The study supports a long-term effort by the National Labor Relations Board to shorten the time between filing a petition for unionization and the date when employees vote.
"The Empirical Case for Streamlining the NLRB Certification Process: The Role of Date of Unfair Labor Practice Occurrence" concludes that streamlining the union certification process will reduce employee harassment, interrogation, threats and retaliation via anti-union employer campaigns.
The study was conducted by Kate Bronfenbrenner, director of the Office of Labor Education Research at the ILR School, and Dorian Warren, assistant professor at Columbia University's Department of Political Science and the School of International and Public Affairs. Bronfenbrenner and Warren found that 47 percent of serious unfair labor practice violations occur before a unionization petition is filed.
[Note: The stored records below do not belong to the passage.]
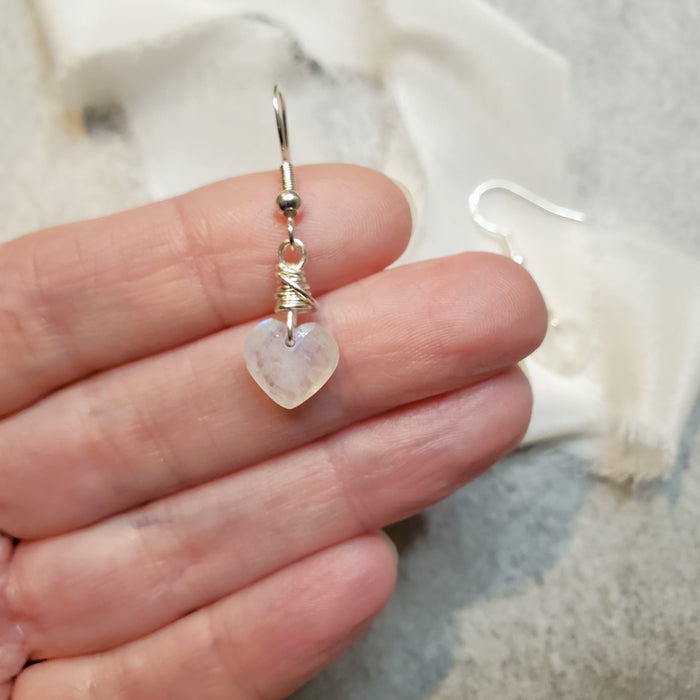 Moonstone heart earrings in hand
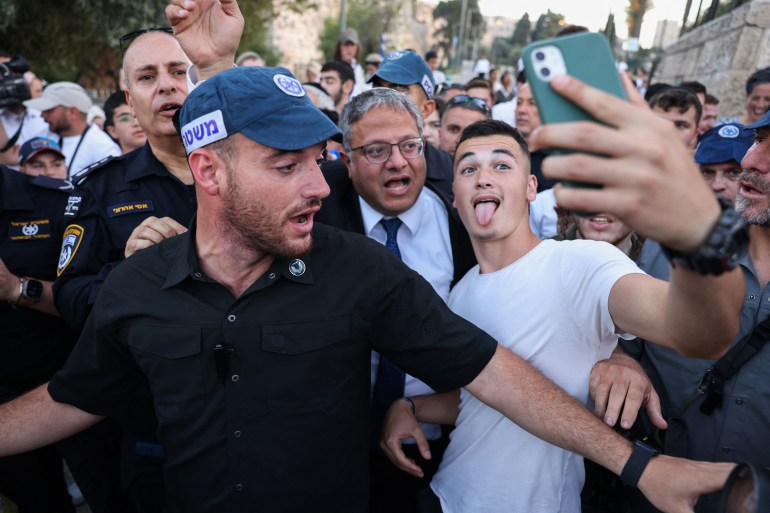 Israel's National Security Minister Itamar Ben-Gvir joins right-wing activists rallying at Jerusalem's Damascus Gate on June 5, 2024 during the so-called Jerusalem Day flag march, that commemorates the Israeli army's capture in the 1967 Arab-Israeli war of the city's eastern sector, home to the Al-Aqsa mosque compound, Islam's third holiest site, which Jews call the Temple Mount. (Photo by HAZEM BADER / AFP)
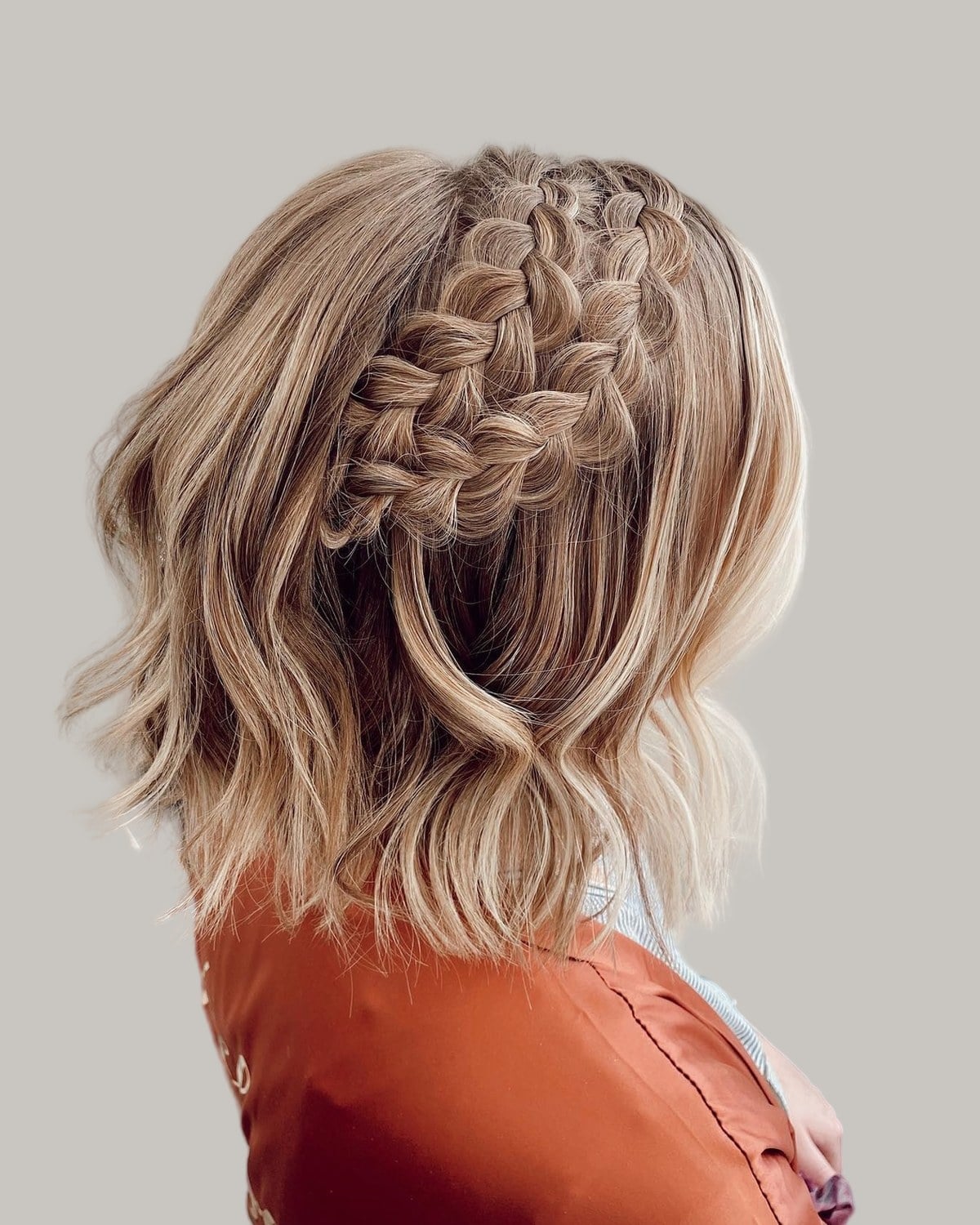 Back view of a wavy blonde bob with Dutch braids across the crown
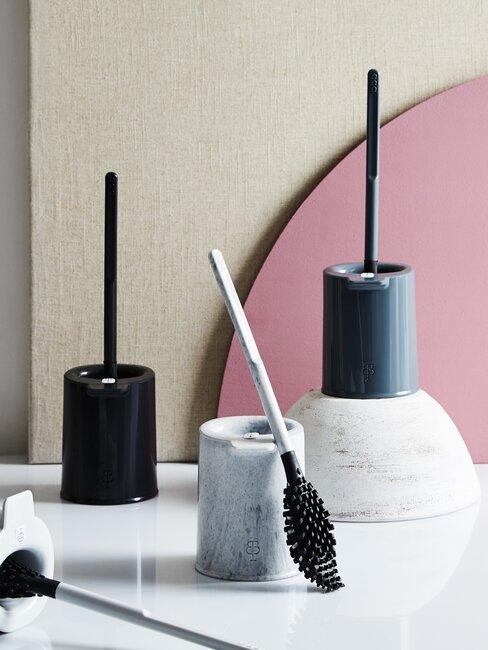 drie toiletborstels met roze achtergrond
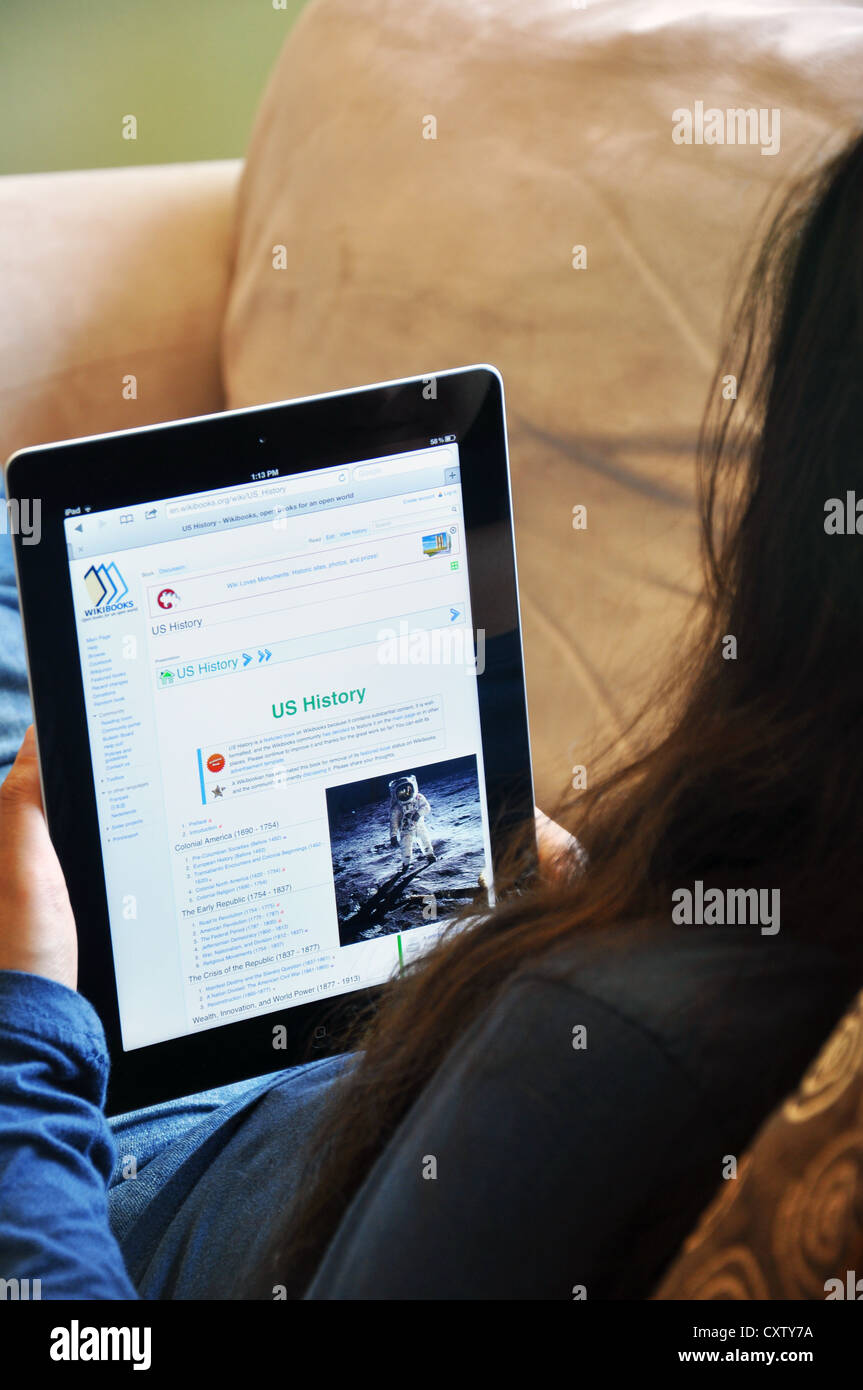 Young girl with iPad sitting on sofa at home. Wikibooks US History website shown on the iPad screen. Stock Photo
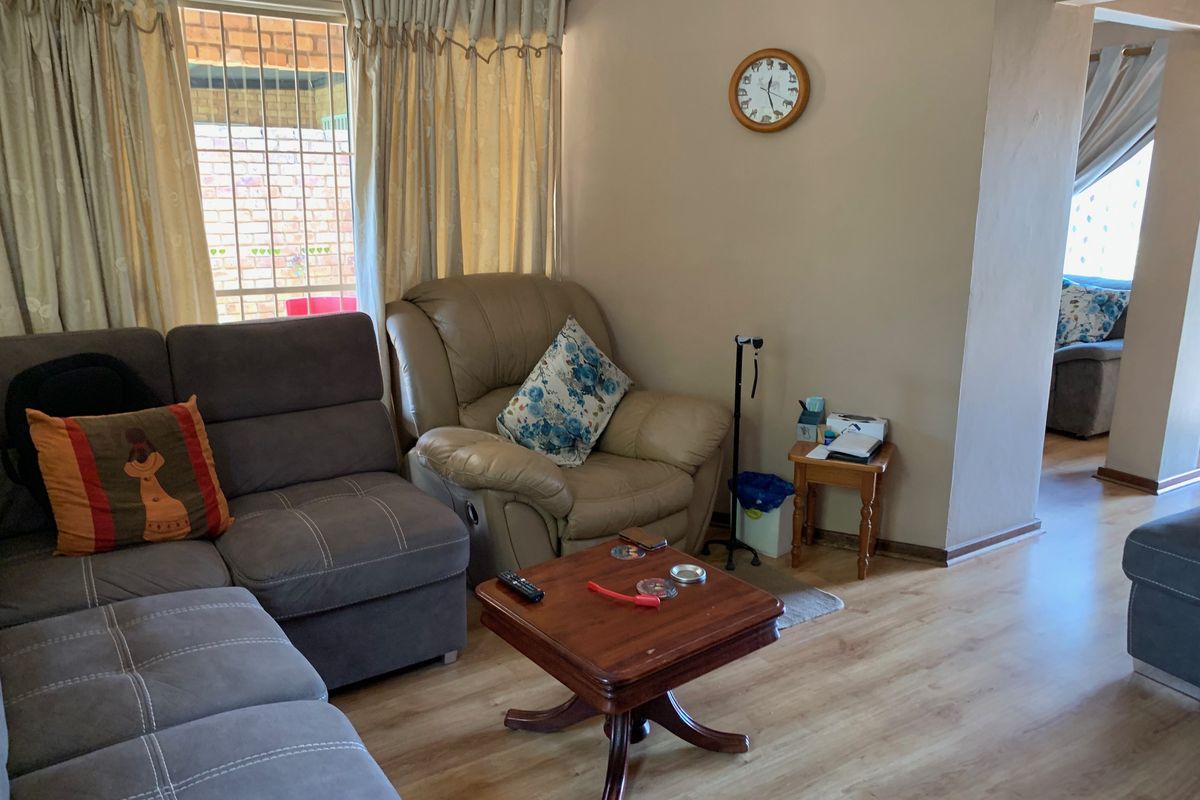 A comfortable living room featuring laminate flooring and a window with security bars, offering a functional and lived-in space.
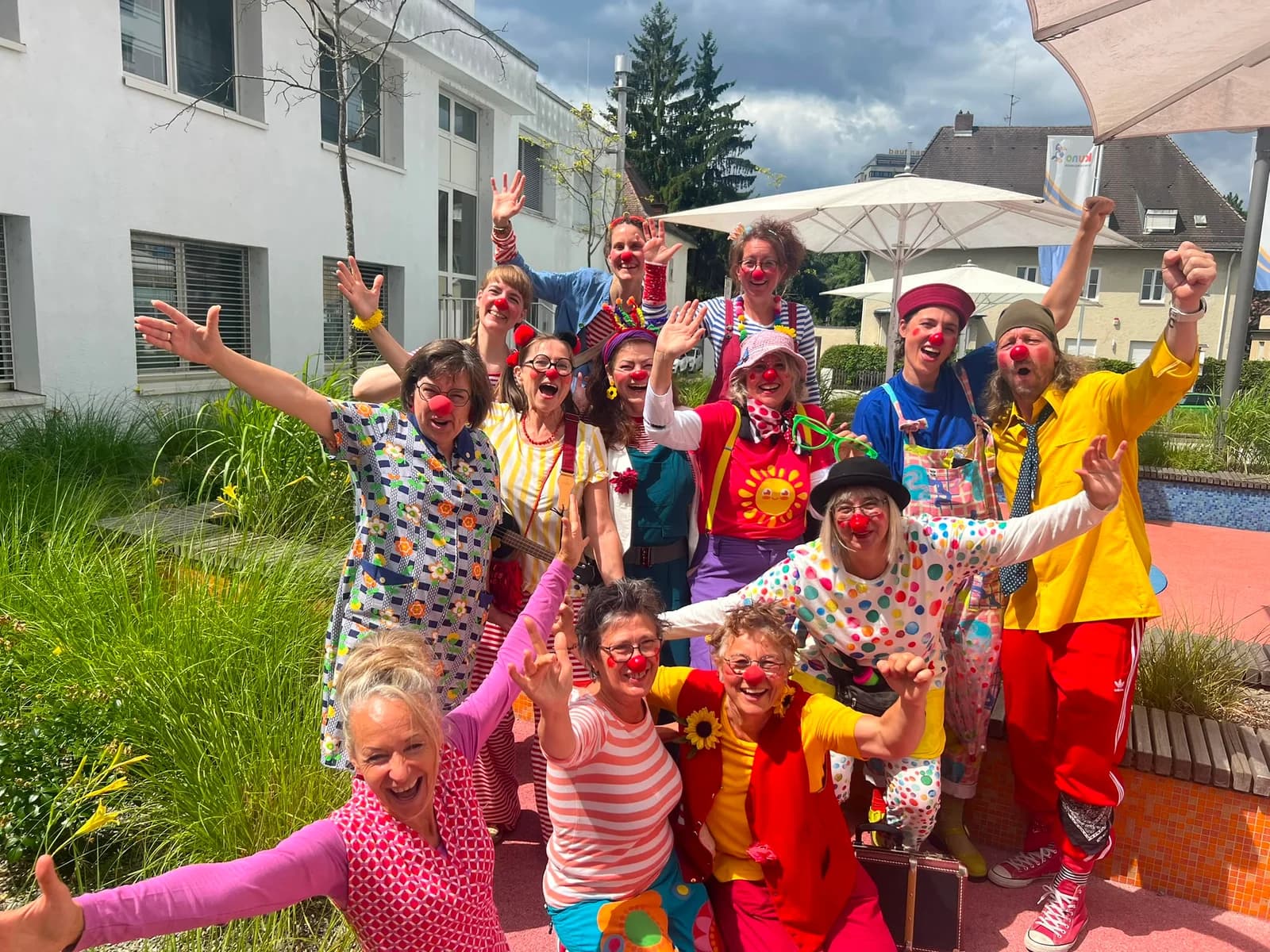 Klinikclowns stehen in einer Ausbildungsgruppe und lachen in die Kamera.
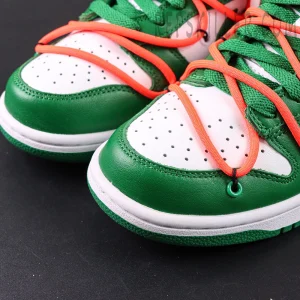 Off-White x Nike Dunk Low ‘Pine Green’ toe box close-up showing leather and orange overlay lace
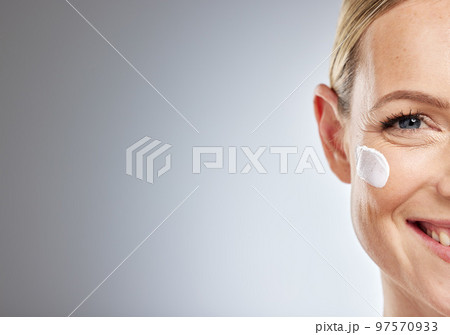 Skincare, half face and portrait of woman with beauty, cosmetic and natural facial treatment in studio. Girl model with face cream, spf or lotion for skin routine by gray background with mockup space Skincare, half face and portrait of woman with beauty, cosmetic and natural facial treatment in studio. Girl model with face cream, spf or lotion for skin routine by gray background with mockup space 97570933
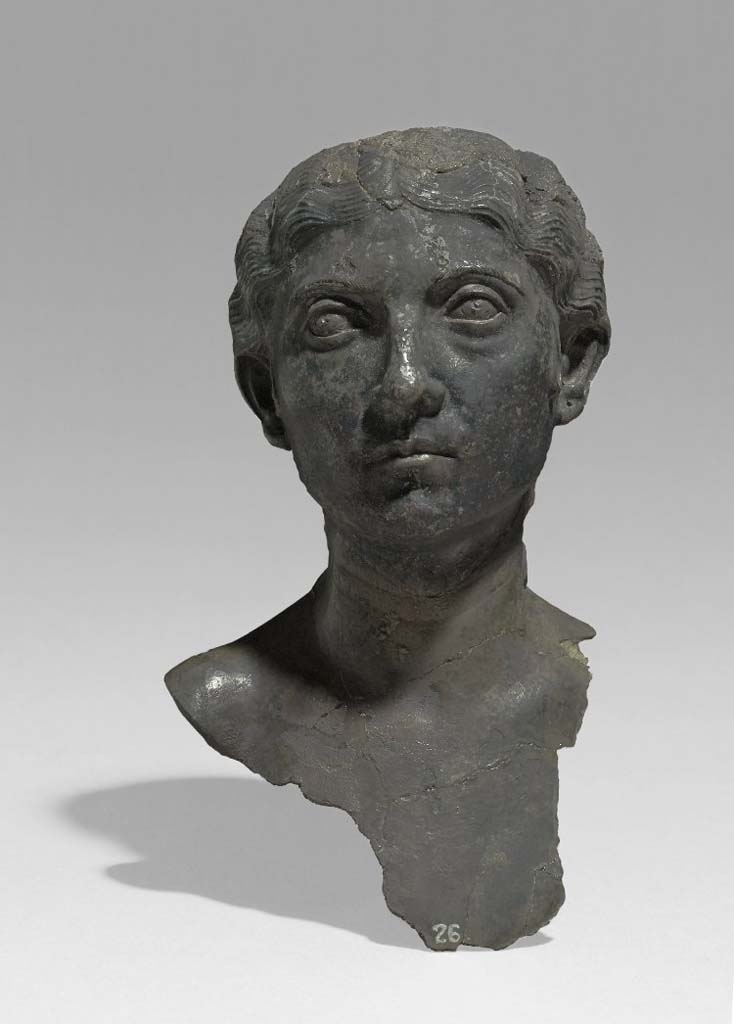Villa della Pisanella, Boscoreale. The emblema (decorative centre-piece) of a silver dish: bust of a woman, inscribed: "Maxima's". 
The dish was one of a pair, the other representing an elderly man.
According to De Villefosse, this phiale had a pendant of the same shape and the same dimension, decorated with a woman's head. Violently torn, in antiquity, from the washer which formed the bottom of the emblema, as evidenced by the tears in the silver leaf at its base, this head was collected separately in another part of the house and sold before the arrival of the treasure in Paris. After belonging to Count Michel Tyszkiewicz, it entered the collections of the British Museum; the phiale was not found. This female head has exactly the same shape and dimensions as the male head.

L'embl�me (pi�ce centrale d�corative) d'un plat d'argent: buste d'une femme, inscrit: "Maxima's".
Le plat �tait l'un d'une paire, l'autre repr�sentant un homme �g�.
Selon De Villefosse, cette phiale avait un pendant de m�me forme et de m�me dimension, orn� d'une t�te de femme. Violemment arrach�e, dans l'antiquit�, de la rondelle qui constituait le fond de l'emblema, ainsi que l'attestent les d�chirures de la feuille d'argent � sa base, cette t�te a �t� recueillie s�par�ment dans une autre partie de l'habitation et mise dans le commerce avant l'arriv�e du tr�sor � Paris. Apr�s avoir appartenu au comte Michel Tyszkiewicz, elle est entr�e dans les collections du Mus�e britannique; la phiale n'a pas �t� retrouv�e. Cette t�te de femme a exactement la m�me forme et les m�mes dimensions que la t�te d'homme.

Voir/See De Villefosse H., 1899. L'argenterie et bijoux d'or du tr�sor de Boscoreale description des pi�ces conserv�es au Mus�e du Louvre: Monuments et Memories 5 1899 with supplement 1902, p. 45-6, figs. 8-9.

Photo � Trustees of the British Museum. Inventory number BM 1895,0622.1. Use subject to CC BY-NC-SA 4.0.
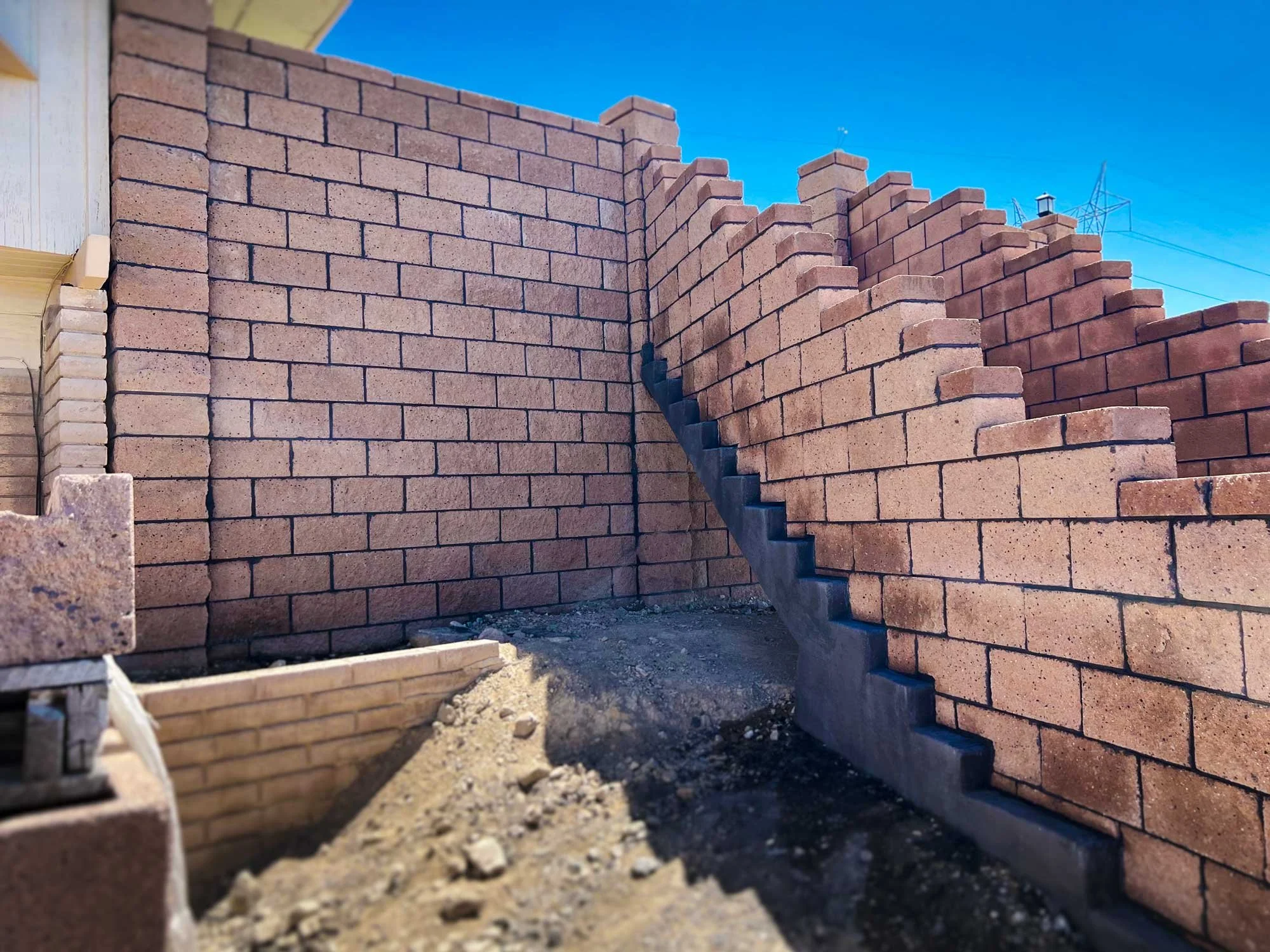 Brick wall under construction with a staircase built into it, blue sky in the background, and a light fixture on top of the wall.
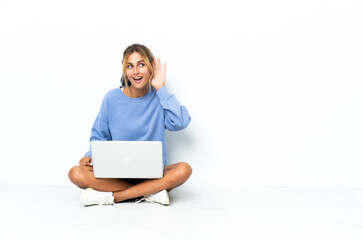 Young blonde Uruguayan girl with the laptop isolated on white background listening to something by putting hand on the ear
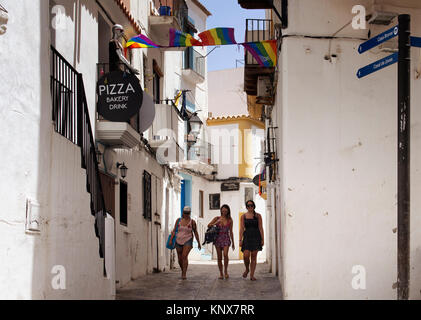 Trois jeunes femmes à pied dans gay street d'Ibiza en plein jour. Rue étroite et blanc, traditionnel bâtiments reflètent le style de vie de l'île et de la culture. C'est Banque D'Images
Timing matters because "employer opposition continues unabated from the first moment the union campaign goes above ground, day after day and week after week leading up to the election, and does not stop until the union has either lost the election or won a first contract," the authors write.
"This cumulative effect of constant, pervasive and intense violations by employers undermines workers' rights under the current lengthy NLRB election process," Bronfenbrenner said.
The study is published by the Institute for Social and Economic Research and Policy at Columbia University.